International Guide Dog Day highlights discrimination faced by handlers
Despite clear laws allowing service animals into public places, those who handle guide dogs continue to face discrimination when entering restaurants and stores, according to the Canadian National Institute for the Blind.
The non-profit organization, which supports Canadians who are blind and partially sighted, says it hears daily complaints of handlers being turned away because of their support dogs, turning International Guide Dog Day into an important learning opportunity.
“It’s unfortunate that, for people who use guide dogs, the number one barrier that they face has nothing to do with how much sight they have.
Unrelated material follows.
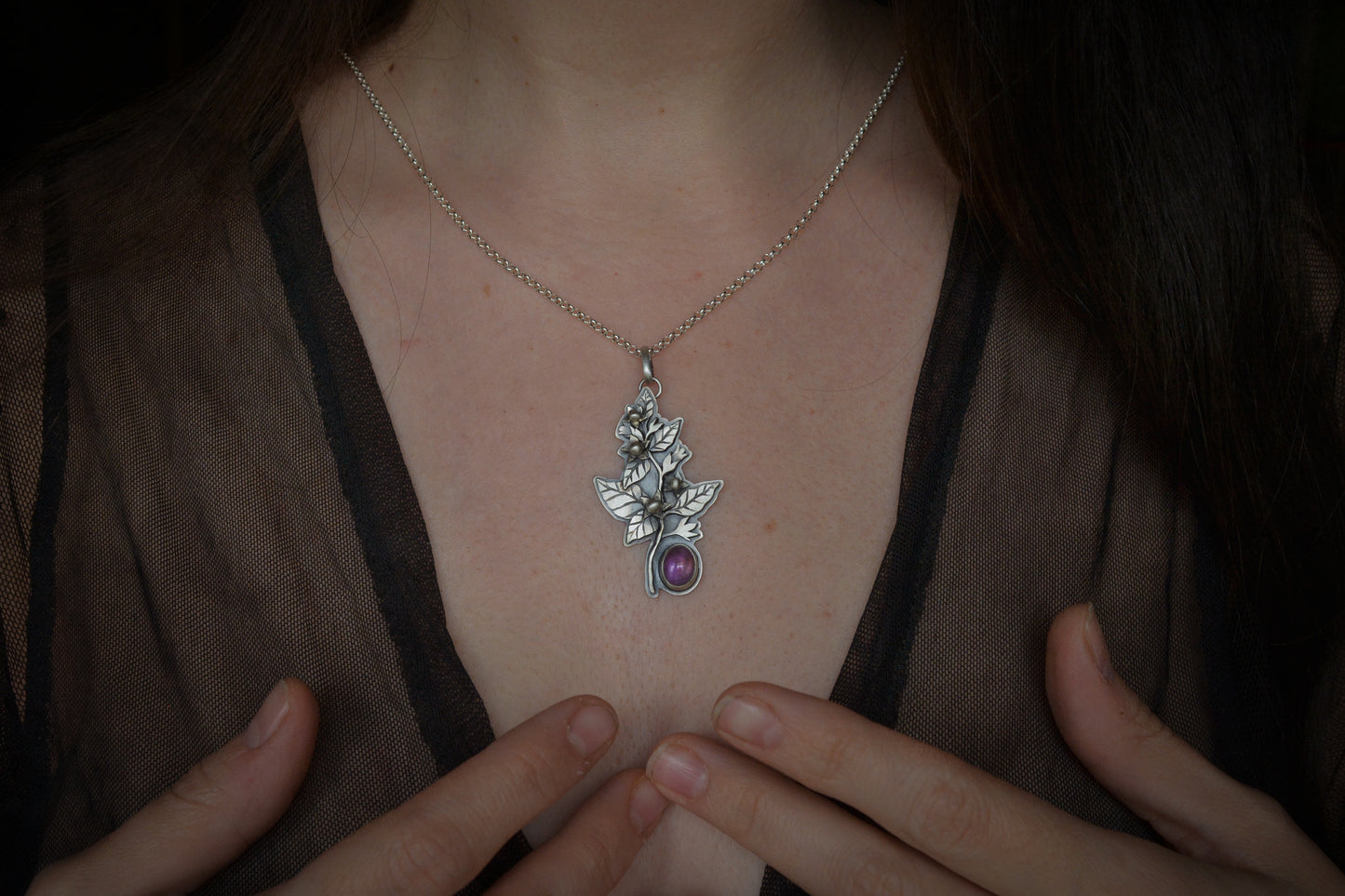 Belladona botanical pendant with oval amethyst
It’s a lack of education by the public,” Victoria Nolan, who works with the CNIB’s Guide Dog program, told CTV News on Wednesday.
“The law is different from province to province, but everywhere in Canada it is the law that guide dogs have the same access to public places as people do.”
In 2017, the CNIB launched its own guide dog training program, dedicated to raising and training guide dogs based on feedback the organization has received from Canadian’s with sight loss.
The program provides trained guide dogs to users at no cost, and even provides follow-up support and training throughout the dog’s life.
“Barney has made an incredible difference in my life -- independence, companionship, safety, security,” said Cindy Shone, who is partially sighted.
But Shone has also experienced the discrimination that Nolan says is based on a lack of public knowledge.
“It’s kind of embarrassing, actually, because you have every right to be there with your dog,” Shone told CTV News.
In an effort to increase awareness, the CNIB has published a “Know Your Rights" section on its website, offering handlers easy access to human rights legislation in each province.
The penalty for not allowing a service dog entrance to a public space ranges from $100 to $1,000 across the country.
The organization hopes its training program will help connect more service dogs with those in need.
“I think having more guide dogs out there working is definitely going to help to spread that message,” said Nolan.